PROBLEM REQUIREMENTS: Every record, from the first line to the last, needs to be given again exactly.

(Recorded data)

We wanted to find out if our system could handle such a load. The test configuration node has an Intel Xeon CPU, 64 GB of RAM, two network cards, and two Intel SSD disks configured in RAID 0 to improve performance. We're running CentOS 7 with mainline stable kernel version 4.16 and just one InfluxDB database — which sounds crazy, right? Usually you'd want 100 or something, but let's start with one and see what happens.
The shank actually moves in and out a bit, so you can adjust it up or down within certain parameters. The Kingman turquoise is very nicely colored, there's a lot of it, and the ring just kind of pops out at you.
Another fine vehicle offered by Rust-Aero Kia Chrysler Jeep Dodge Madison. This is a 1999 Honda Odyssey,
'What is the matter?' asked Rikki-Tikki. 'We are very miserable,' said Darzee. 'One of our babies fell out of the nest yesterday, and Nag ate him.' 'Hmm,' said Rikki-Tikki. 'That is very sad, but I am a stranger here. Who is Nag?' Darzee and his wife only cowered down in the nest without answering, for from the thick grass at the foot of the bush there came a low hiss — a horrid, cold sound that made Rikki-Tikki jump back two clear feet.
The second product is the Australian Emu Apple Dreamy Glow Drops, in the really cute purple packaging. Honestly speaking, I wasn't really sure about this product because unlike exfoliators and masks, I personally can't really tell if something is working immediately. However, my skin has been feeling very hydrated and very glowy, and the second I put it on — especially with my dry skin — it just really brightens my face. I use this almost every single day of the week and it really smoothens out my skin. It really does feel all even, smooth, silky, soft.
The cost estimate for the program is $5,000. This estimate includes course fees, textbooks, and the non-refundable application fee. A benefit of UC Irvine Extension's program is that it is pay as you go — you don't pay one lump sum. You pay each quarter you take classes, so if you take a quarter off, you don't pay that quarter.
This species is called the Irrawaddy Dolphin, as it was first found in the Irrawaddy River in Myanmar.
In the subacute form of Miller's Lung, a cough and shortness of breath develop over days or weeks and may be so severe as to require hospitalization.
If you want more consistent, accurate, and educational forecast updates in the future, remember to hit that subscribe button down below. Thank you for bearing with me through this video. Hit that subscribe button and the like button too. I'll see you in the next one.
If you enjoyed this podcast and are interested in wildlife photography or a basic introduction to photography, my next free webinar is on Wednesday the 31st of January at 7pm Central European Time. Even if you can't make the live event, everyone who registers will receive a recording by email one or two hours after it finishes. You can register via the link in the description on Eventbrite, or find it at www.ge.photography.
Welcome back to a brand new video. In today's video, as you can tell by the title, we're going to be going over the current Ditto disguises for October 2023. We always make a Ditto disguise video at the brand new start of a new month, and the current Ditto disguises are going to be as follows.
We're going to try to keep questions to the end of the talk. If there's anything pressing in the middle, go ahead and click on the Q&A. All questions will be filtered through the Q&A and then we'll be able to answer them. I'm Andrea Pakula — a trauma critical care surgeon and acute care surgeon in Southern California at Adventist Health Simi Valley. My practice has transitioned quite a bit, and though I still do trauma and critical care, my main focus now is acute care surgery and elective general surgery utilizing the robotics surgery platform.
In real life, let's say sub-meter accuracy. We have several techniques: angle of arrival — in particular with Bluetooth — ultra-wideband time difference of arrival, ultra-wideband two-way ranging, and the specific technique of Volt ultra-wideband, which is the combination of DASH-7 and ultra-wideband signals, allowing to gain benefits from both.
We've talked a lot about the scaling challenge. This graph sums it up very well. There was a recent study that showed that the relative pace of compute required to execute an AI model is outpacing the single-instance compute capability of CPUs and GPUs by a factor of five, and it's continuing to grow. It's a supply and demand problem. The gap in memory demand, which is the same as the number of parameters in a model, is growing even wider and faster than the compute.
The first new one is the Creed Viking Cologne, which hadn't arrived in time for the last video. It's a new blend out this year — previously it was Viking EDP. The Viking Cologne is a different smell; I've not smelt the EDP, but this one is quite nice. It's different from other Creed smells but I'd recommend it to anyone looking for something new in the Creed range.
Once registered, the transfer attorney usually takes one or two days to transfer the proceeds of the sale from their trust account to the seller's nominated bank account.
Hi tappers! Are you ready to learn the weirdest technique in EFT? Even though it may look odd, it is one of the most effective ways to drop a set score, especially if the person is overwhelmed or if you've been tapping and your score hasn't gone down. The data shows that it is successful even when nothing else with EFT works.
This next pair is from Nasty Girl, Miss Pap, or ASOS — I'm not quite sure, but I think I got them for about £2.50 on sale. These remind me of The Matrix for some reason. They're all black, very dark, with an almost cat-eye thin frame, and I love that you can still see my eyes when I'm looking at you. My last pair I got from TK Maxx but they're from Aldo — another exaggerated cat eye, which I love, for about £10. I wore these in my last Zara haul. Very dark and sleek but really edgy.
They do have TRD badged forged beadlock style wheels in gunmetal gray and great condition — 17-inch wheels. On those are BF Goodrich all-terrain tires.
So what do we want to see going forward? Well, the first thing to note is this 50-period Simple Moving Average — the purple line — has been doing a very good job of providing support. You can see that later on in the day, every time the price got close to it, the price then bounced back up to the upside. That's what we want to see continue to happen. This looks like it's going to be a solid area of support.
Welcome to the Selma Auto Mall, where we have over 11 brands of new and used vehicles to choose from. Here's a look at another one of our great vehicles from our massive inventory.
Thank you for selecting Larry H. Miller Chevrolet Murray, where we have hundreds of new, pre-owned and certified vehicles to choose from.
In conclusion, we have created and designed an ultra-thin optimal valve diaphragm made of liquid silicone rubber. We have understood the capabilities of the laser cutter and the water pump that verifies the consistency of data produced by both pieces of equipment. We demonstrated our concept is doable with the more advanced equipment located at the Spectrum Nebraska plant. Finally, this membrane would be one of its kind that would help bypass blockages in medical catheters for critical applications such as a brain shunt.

SOLUTION:
We wanted to find out if our system could handle such a load. The test configuration node has an Intel Xeon CPU, 64 GB of RAM, two network cards, and two Intel SSD disks configured in RAID 0 to improve performance. We're running CentOS 7 with mainline stable kernel version 4.16 and just one InfluxDB database — which sounds crazy, right? Usually you'd want 100 or something, but let's start with one and see what happens.
The shank actually moves in and out a bit, so you can adjust it up or down within certain parameters. The Kingman turquoise is very nicely colored, there's a lot of it, and the ring just kind of pops out at you.
Another fine vehicle offered by Rust-Aero Kia Chrysler Jeep Dodge Madison. This is a 1999 Honda Odyssey,
'What is the matter?' asked Rikki-Tikki. 'We are very miserable,' said Darzee. 'One of our babies fell out of the nest yesterday, and Nag ate him.' 'Hmm,' said Rikki-Tikki. 'That is very sad, but I am a stranger here. Who is Nag?' Darzee and his wife only cowered down in the nest without answering, for from the thick grass at the foot of the bush there came a low hiss — a horrid, cold sound that made Rikki-Tikki jump back two clear feet.
The second product is the Australian Emu Apple Dreamy Glow Drops, in the really cute purple packaging. Honestly speaking, I wasn't really sure about this product because unlike exfoliators and masks, I personally can't really tell if something is working immediately. However, my skin has been feeling very hydrated and very glowy, and the second I put it on — especially with my dry skin — it just really brightens my face. I use this almost every single day of the week and it really smoothens out my skin. It really does feel all even, smooth, silky, soft.
The cost estimate for the program is $5,000. This estimate includes course fees, textbooks, and the non-refundable application fee. A benefit of UC Irvine Extension's program is that it is pay as you go — you don't pay one lump sum. You pay each quarter you take classes, so if you take a quarter off, you don't pay that quarter.
This species is called the Irrawaddy Dolphin, as it was first found in the Irrawaddy River in Myanmar.
In the subacute form of Miller's Lung, a cough and shortness of breath develop over days or weeks and may be so severe as to require hospitalization.
If you want more consistent, accurate, and educational forecast updates in the future, remember to hit that subscribe button down below. Thank you for bearing with me through this video. Hit that subscribe button and the like button too. I'll see you in the next one.
If you enjoyed this podcast and are interested in wildlife photography or a basic introduction to photography, my next free webinar is on Wednesday the 31st of January at 7pm Central European Time. Even if you can't make the live event, everyone who registers will receive a recording by email one or two hours after it finishes. You can register via the link in the description on Eventbrite, or find it at www.ge.photography.
Welcome back to a brand new video. In today's video, as you can tell by the title, we're going to be going over the current Ditto disguises for October 2023. We always make a Ditto disguise video at the brand new start of a new month, and the current Ditto disguises are going to be as follows.
We're going to try to keep questions to the end of the talk. If there's anything pressing in the middle, go ahead and click on the Q&A. All questions will be filtered through the Q&A and then we'll be able to answer them. I'm Andrea Pakula — a trauma critical care surgeon and acute care surgeon in Southern California at Adventist Health Simi Valley. My practice has transitioned quite a bit, and though I still do trauma and critical care, my main focus now is acute care surgery and elective general surgery utilizing the robotics surgery platform.
In real life, let's say sub-meter accuracy. We have several techniques: angle of arrival — in particular with Bluetooth — ultra-wideband time difference of arrival, ultra-wideband two-way ranging, and the specific technique of Volt ultra-wideband, which is the combination of DASH-7 and ultra-wideband signals, allowing to gain benefits from both.
We've talked a lot about the scaling challenge. This graph sums it up very well. There was a recent study that showed that the relative pace of compute required to execute an AI model is outpacing the single-instance compute capability of CPUs and GPUs by a factor of five, and it's continuing to grow. It's a supply and demand problem. The gap in memory demand, which is the same as the number of parameters in a model, is growing even wider and faster than the compute.
The first new one is the Creed Viking Cologne, which hadn't arrived in time for the last video. It's a new blend out this year — previously it was Viking EDP. The Viking Cologne is a different smell; I've not smelt the EDP, but this one is quite nice. It's different from other Creed smells but I'd recommend it to anyone looking for something new in the Creed range.
Once registered, the transfer attorney usually takes one or two days to transfer the proceeds of the sale from their trust account to the seller's nominated bank account.
Hi tappers! Are you ready to learn the weirdest technique in EFT? Even though it may look odd, it is one of the most effective ways to drop a set score, especially if the person is overwhelmed or if you've been tapping and your score hasn't gone down. The data shows that it is successful even when nothing else with EFT works.
This next pair is from Nasty Girl, Miss Pap, or ASOS — I'm not quite sure, but I think I got them for about £2.50 on sale. These remind me of The Matrix for some reason. They're all black, very dark, with an almost cat-eye thin frame, and I love that you can still see my eyes when I'm looking at you. My last pair I got from TK Maxx but they're from Aldo — another exaggerated cat eye, which I love, for about £10. I wore these in my last Zara haul. Very dark and sleek but really edgy.
They do have TRD badged forged beadlock style wheels in gunmetal gray and great condition — 17-inch wheels. On those are BF Goodrich all-terrain tires.
So what do we want to see going forward? Well, the first thing to note is this 50-period Simple Moving Average — the purple line — has been doing a very good job of providing support. You can see that later on in the day, every time the price got close to it, the price then bounced back up to the upside. That's what we want to see continue to happen. This looks like it's going to be a solid area of support.
Welcome to the Selma Auto Mall, where we have over 11 brands of new and used vehicles to choose from. Here's a look at another one of our great vehicles from our massive inventory.
Thank you for selecting Larry H. Miller Chevrolet Murray, where we have hundreds of new, pre-owned and certified vehicles to choose from.
In conclusion, we have created and designed an ultra-thin optimal valve diaphragm made of liquid silicone rubber. We have understood the capabilities of the laser cutter and the water pump that verifies the consistency of data produced by both pieces of equipment. We demonstrated our concept is doable with the more advanced equipment located at the Spectrum Nebraska plant. Finally, this membrane would be one of its kind that would help bypass blockages in medical catheters for critical applications such as a brain shunt.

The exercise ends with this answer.